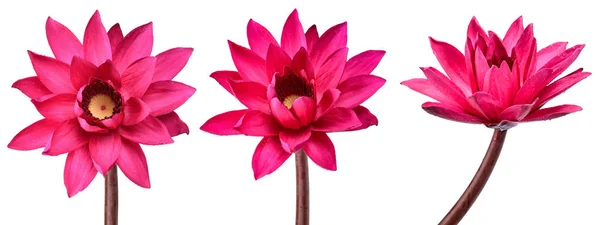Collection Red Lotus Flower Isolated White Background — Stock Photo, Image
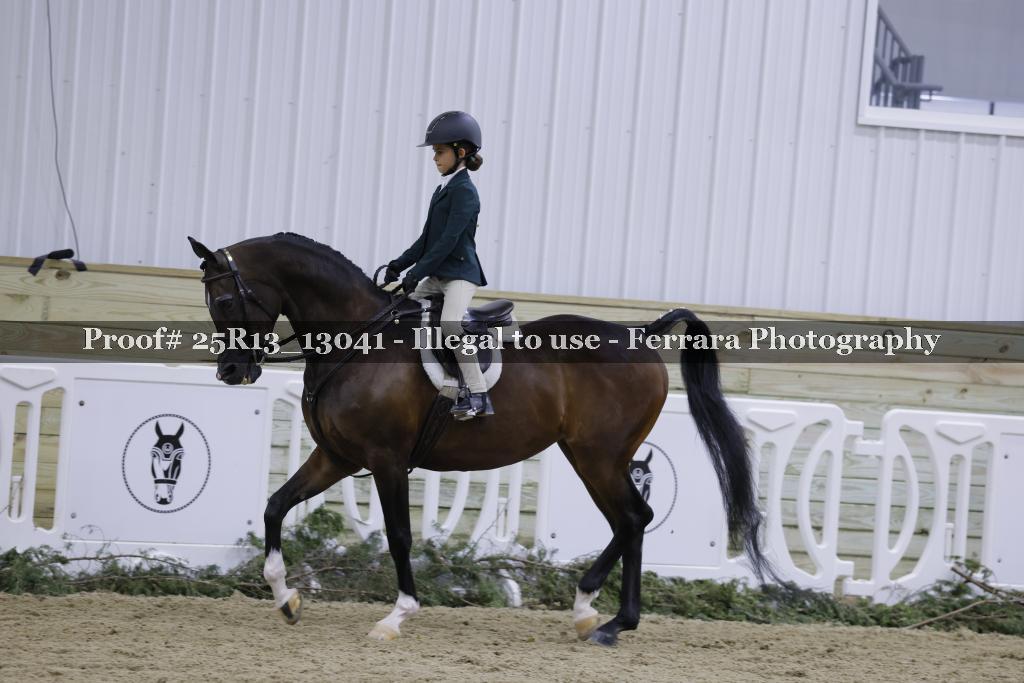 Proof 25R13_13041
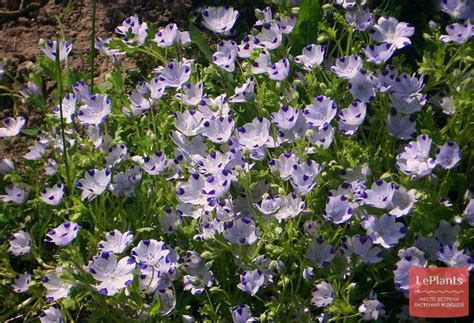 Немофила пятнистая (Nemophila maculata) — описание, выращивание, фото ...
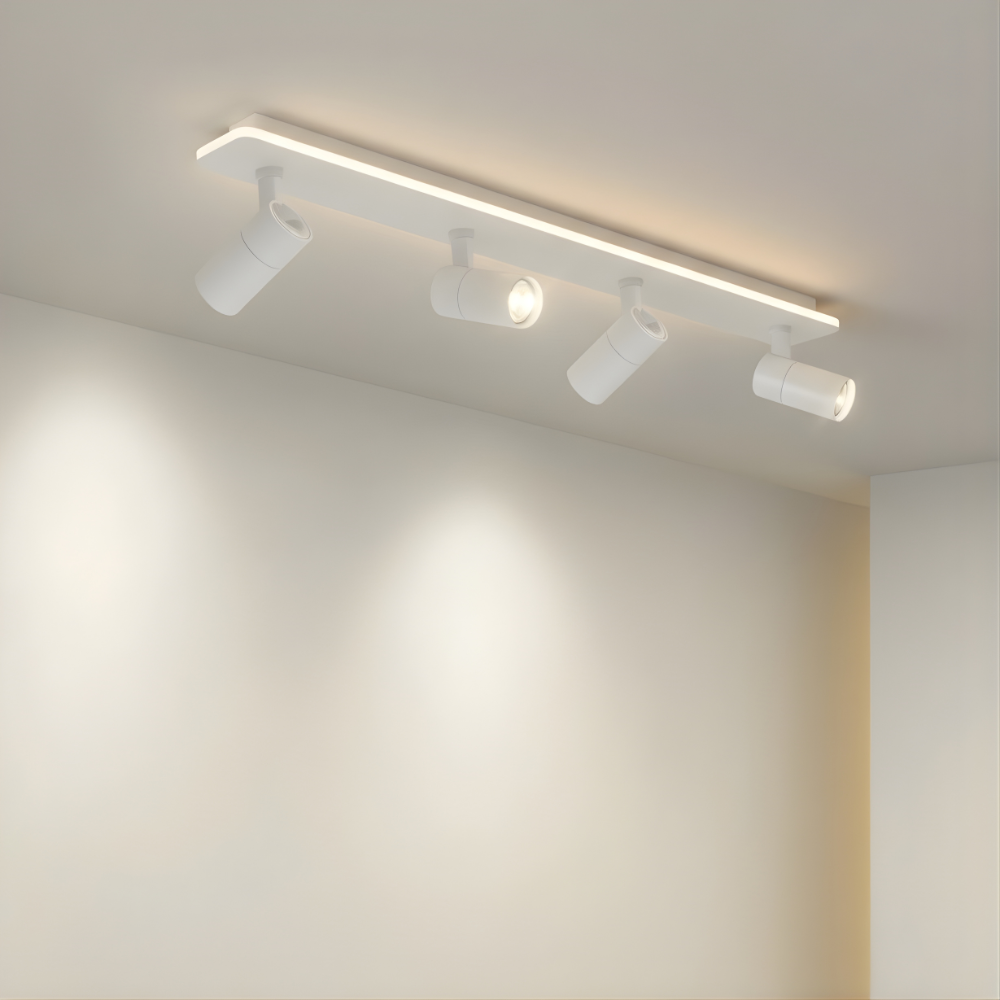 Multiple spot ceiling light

The problem:
Restate word for word only the lines from the one with "Немофила пятнистая (Nemophila" through the last line of the material, both included. Any picture should be left out.

Task response:
 Немофила пятнистая (Nemophila maculata) — описание, выращивание, фото ...
 Multiple spot ceiling light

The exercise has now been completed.